Motion

All motion commands, except for move_until, do not wait for the motion to complete. If you need to wait for the motion to complete, please use sync()

Start Recording Motion Trajectory 3.1.11

start_record_trajectory(time)

• Parameters
  • time: Sampling period, minimum 0.01s, default 0.1s

End Recording Motion Trajectory 3.1.11

end_record_trajectory(name)

End recording motion trajectory and store the trajectory in name

Playback Motion Trajectory 3.1.11

motion_id = move_trajectory(name)

Enter Teaching Mode

teach_mode()

When the robot is in Idle state, calling this command can enter teaching (free-drive) mode. In teaching mode, each joint of the robot can be freely dragged, hence it's also called free-drive mode. The end load configuration will affect the teaching effect. If the set value is larger than the actual load, the robot will exert force upwards, and vice versa. Please check carefully.

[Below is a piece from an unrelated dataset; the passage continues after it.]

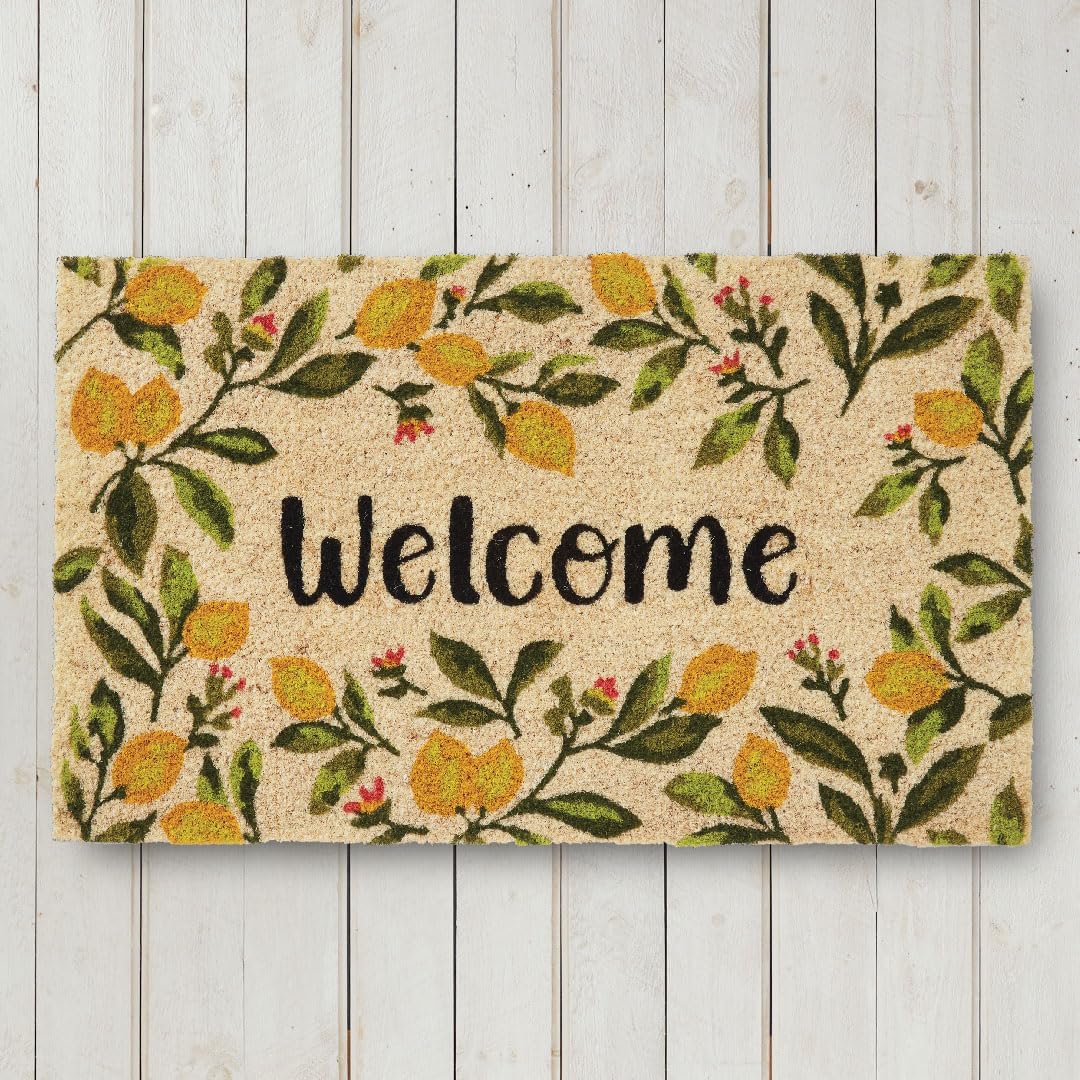 HF by LT Lemon Branch 100% Coir Doormat, 18 x 30 inches, Naturally Durable, PVC-Backing, Sustainable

The command has no return value.

WARNING

When the robot is not in idle state, calling this command will produce an error 1000: The robot can only be taught when it is idle.

Exit Teaching Mode

end_teach_mode()

When the robot is in Teaching state, i.e., teaching (free-drive) mode, calling this command can exit teaching mode and return to Idle state. Calling in other modes does not produce an error.

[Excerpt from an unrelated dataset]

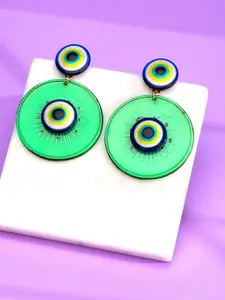 Yellow Chimes Green Contemporary Drop Earrings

The command has no return value.

Pause Motion 3.1.24

Pause all motions. Does not affect task running status.

pause_move()

Resume Motion 3.1.24

Resume all motions. Does not affect task running status.

resume_move()

Stop Motion

Stop all motions, but cannot cancel subsequent new motion commands. This command is the internal implementation mechanism of the move_until series of commands.

stop_move()

Example Program

You can use the following code to implement the move_until functionality

disable_auto_sync()

motion_id = movej({j1 = 0, j2 = 1.57, j3 = -1.57, j4 = 0, j5 = 3.14, j6 = 3.14}, 1.0, 0.2, 0, 0)
function wait_io()
  while get_tcp_dio(1) != 1
  do
    wait(10)
  end
  stop_move()
end
task_wait_move = async_task(wait_move, motion_id)
task_wait_io = async_task(wait_io)
wait_any(task_wait_move, task_wait_io) -- Wait for any task to complete

Wait for Motion to Complete 3.1.23

wait_move(motion_id)

• Parameters
  • motion_id: motion_id returned by move_xxx. Optional, default is 0 for all motions

Joint Motion

motion_id = movej(p, a, v, t, r)

Execute linear motion in joint space. To use this command, the robot must be in a stationary state or the previous command is movej or movel with blending.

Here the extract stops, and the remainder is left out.